In January 2001, a flash fire occurred in one of the motel rooms and injured two people. In June 2004, Maxwell was approved to sell his four-percent stake to Dombrowski and Vause for $100,000. In January 2005, the casino agreed to correct discrepancies after being warned of violations in its internal control accounting procedures. In June 2005, state agents found repeated violations, which included underreporting slot machine winnings by $38,218. Other violations included improper recording of supply purchases, an improperly tested coin counter, and the allowance of a bartender to have a $2,000 bankroll to make gaming payouts that were not recorded in the casino's accounting system.

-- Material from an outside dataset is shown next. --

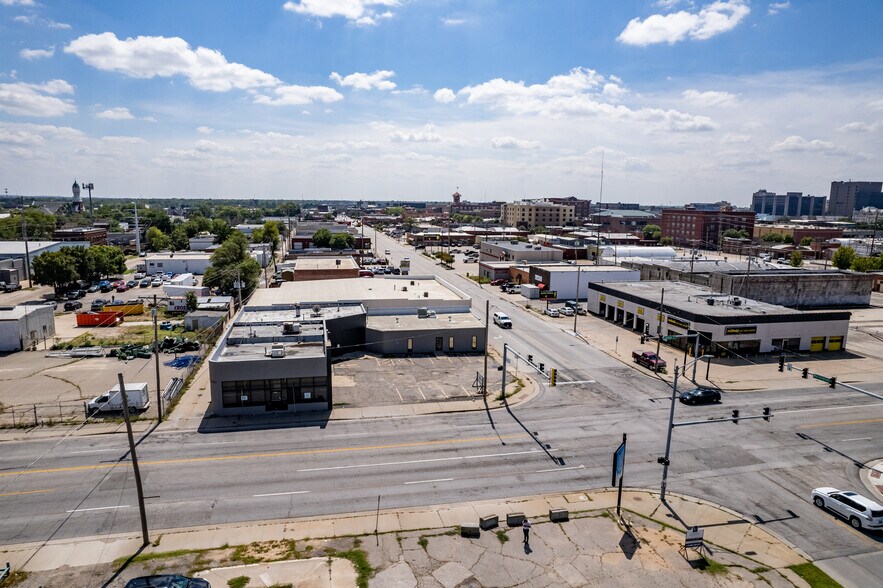 More Photos Of 1001 E Central Ave, Wichita Light Distribution For Lease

A fire forced the evacuation of the motel on June 22, 2005, at approximately 11:45 p.m. The fire was confined to a closet in a motel room, and was extinguished with no injuries. Another motel fire, involving a flaming mattress, occurred in July 2005. On the night of August 3, 2005, a three-alarm fire broke out on the western portion of the Aztec Inn, on the second floor of the two-story wood-frame motel, located on Baltimore Avenue. The casino was evacuated. Firefighters arrived at approximately 11:38 p.m. More than 100 firefighters spent 45 minutes to get the fire under control. Traffic on South Las Vegas Boulevard, between Sahara Avenue and St. Louis Avenue, was diverted to make way for firefighters.

The fire was mostly located inside the motel's attic. Aside from the attic, two motel rooms and a stairwell were also damaged by the fire, which caused an estimated $200,000 in damages. The motel was vacant prior to the fire, as it was undergoing renovations. It was the worst of the three fires that the Aztec Inn suffered that year, although officials determined that they were unrelated to each other. Fire investigators wanted to determine if renovations on the building were related to the fire. Smoke clouds drifted south along the Las Vegas Strip into the early morning hours.

In May 2006, the Aztec Inn was fined $5,000 after Dombrowski admitted to the accounting violations from the previous year.